Social Media — We’ve started blogging more recently, with (currently) 9 articles online, 4 in the queue and we plan to do more of this. Utilising a tool like Buffer really helps to schedule these posts in advance and make sure that we are showing more about the company. We also looked at our Linkedin & Xing corporate profiles and realised we need to share more here and give a little more information about what’s great about working with us.
Benefits — What makes working with our company so cool? Some of the things we do but don’t always tell people:
- 20% time
- Skill shares
- Conference budgets
- Presentation support for meetups
Company Videos — Ok, so I am pretty heavy on these. We’ve agreed we will try to shoot our own as a short interview type shot on a phone talking about the projects that we are working on.
Salaries — We discussed being transparent with our salary levels across the business in order to be as clear as possible here. I wish we had the volume and budget of this amazing example by Gitlab, maybe in the next few years we will!
Github — If we receive an application from a candidate with a Github link on their profile we will ensure that we head to their repo’s, fork some content have a poke around and make some suggestions. We figure that a person will be far more likely to engage with us if we have something common to talk about; they might like (or dislike!) our ideas enough to engage in conversation before (or during) the interview process.
Social Media — Having a “brand” for individual employees is important. We found that EVERY person who works here has literally just their name and company name(s) on Linkedin. We are going to make sure that everyone updates it with additional information about the projects they are working on in order to let future colleagues know more before they even speak.

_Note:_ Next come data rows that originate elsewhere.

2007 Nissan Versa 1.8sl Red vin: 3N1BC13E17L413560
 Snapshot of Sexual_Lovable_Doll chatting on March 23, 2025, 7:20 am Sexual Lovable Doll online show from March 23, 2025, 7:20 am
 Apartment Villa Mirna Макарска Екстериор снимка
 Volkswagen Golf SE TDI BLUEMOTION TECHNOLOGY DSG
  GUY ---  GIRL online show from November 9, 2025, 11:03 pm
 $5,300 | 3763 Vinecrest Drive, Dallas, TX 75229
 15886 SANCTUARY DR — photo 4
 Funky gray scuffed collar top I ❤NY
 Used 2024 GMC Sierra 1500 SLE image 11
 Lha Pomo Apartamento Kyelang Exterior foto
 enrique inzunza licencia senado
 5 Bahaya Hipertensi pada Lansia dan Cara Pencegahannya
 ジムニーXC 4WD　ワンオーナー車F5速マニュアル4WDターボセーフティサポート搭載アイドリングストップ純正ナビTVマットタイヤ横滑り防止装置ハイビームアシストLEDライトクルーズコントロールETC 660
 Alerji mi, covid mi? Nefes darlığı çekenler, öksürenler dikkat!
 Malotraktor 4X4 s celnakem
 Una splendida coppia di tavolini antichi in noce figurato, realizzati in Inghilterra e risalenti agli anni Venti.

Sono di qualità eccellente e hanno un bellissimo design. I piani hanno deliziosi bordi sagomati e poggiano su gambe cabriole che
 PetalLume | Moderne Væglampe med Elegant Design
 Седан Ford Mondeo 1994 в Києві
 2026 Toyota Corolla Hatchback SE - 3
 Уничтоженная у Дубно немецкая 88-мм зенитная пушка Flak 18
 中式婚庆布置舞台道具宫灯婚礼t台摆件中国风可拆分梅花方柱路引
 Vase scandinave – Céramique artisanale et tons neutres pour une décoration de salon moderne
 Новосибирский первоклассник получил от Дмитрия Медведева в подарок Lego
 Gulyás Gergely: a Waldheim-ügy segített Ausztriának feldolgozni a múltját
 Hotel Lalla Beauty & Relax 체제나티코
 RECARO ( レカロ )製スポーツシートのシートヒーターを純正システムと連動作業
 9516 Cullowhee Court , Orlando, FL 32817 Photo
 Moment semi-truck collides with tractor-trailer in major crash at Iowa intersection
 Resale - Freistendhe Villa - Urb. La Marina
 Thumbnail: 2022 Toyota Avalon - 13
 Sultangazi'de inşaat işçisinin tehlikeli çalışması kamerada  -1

Events & Conferences — We do quite a bit already with our colleagues presenting in meetups and conferences, but we are always keen to get along to more. We mapped out a few events that we are interested in and plan on growing this list a lot and kitting ourselves out in our Digital Frontiers swag that we also all agreed upon on the day that we should be wearing when out and about at events as walking adverts for the company!
To conclude; you need to be thinking about how you appear to someone outside of your company who has never heard of you. If they can’t get a feel for the company then the likelihood is that they won’t apply.
Thanks to Joachim, Rainer, Frank, Nik & Florian for your invaluable input on the day, and if you’re reading this and thinking you’d like to work with us why don’t you drop me an email on firstname.lastname@example.org.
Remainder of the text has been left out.